[Start of section]

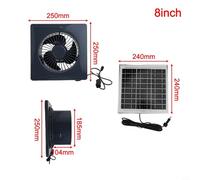 Solar Panel 12V Exhaust Fan with Check Valve, High Speed Ventilation Blower for Home, Energy Saving Solar Powered Air Extractor Fan for Wall or Sash for, Grey(8 INCH)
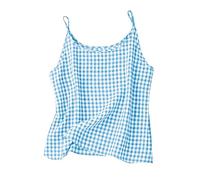Girls Gingham Vests Spaghetti Strap Camisole Tops Cotton Linen Breathable Vest Sleeveless Tops Kids Summer Daily Holiday Casual Outfit Blue 11 Years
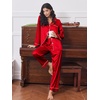 Ekouaer 2 Pack Pajamas for Women Set Silk Lounge Sets Button Up Pj Sets(Navy Blue/Red)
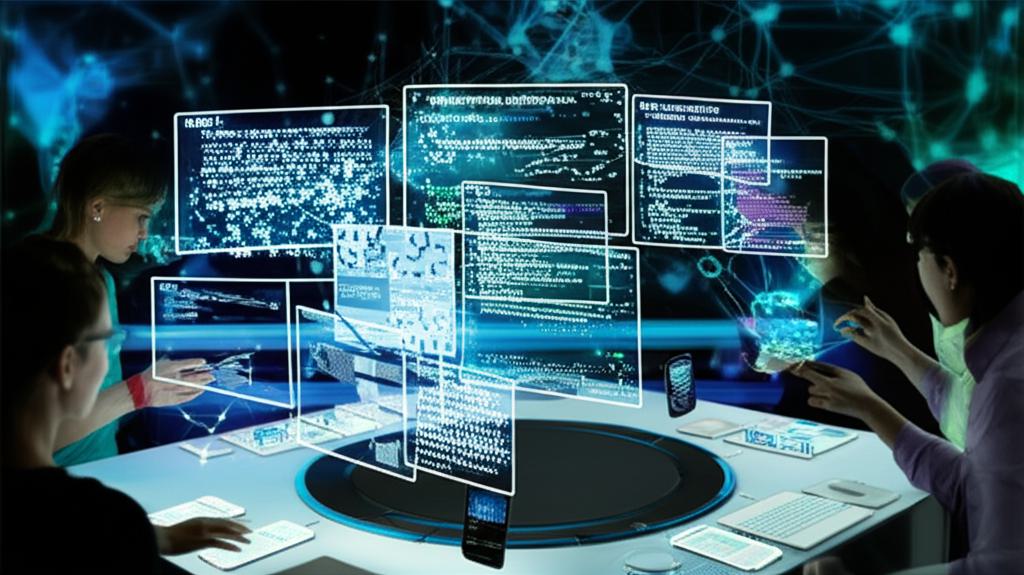 다양한 개발자들이 AI 네이티브 애플리케이션을 개발하고 있는 미래 지향적인 소프트웨어 개발 환경. 코드와 AI 모델이 홀로그래픽 인터페이스에 시각적으로 표현되어 있으며, Rulebook-AI가 중앙에 표시되어 표준화된 개발 가이드라인을 보여준다. 주변에는 모바일 및 IoT 기기들이 놓여 있어 엣지 컴퓨팅의 중요성을 강조한다.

[End of section]

Reproduce every line above exactly as written, omitting the images.

▶ [Result of this task]
 Solar Panel 12V Exhaust Fan with Check Valve, High Speed Ventilation Blower for Home, Energy Saving Solar Powered Air Extractor Fan for Wall or Sash for, Grey(8 INCH)
Girls Gingham Vests Spaghetti Strap Camisole Tops Cotton Linen Breathable Vest Sleeveless Tops Kids Summer Daily Holiday Casual Outfit Blue 11 Years
 Ekouaer 2 Pack Pajamas for Women Set Silk Lounge Sets Button Up Pj Sets(Navy Blue/Red)
 다양한 개발자들이 AI 네이티브 애플리케이션을 개발하고 있는 미래 지향적인 소프트웨어 개발 환경. 코드와 AI 모델이 홀로그래픽 인터페이스에 시각적으로 표현되어 있으며, Rulebook-AI가 중앙에 표시되어 표준화된 개발 가이드라인을 보여준다. 주변에는 모바일 및 IoT 기기들이 놓여 있어 엣지 컴퓨팅의 중요성을 강조한다.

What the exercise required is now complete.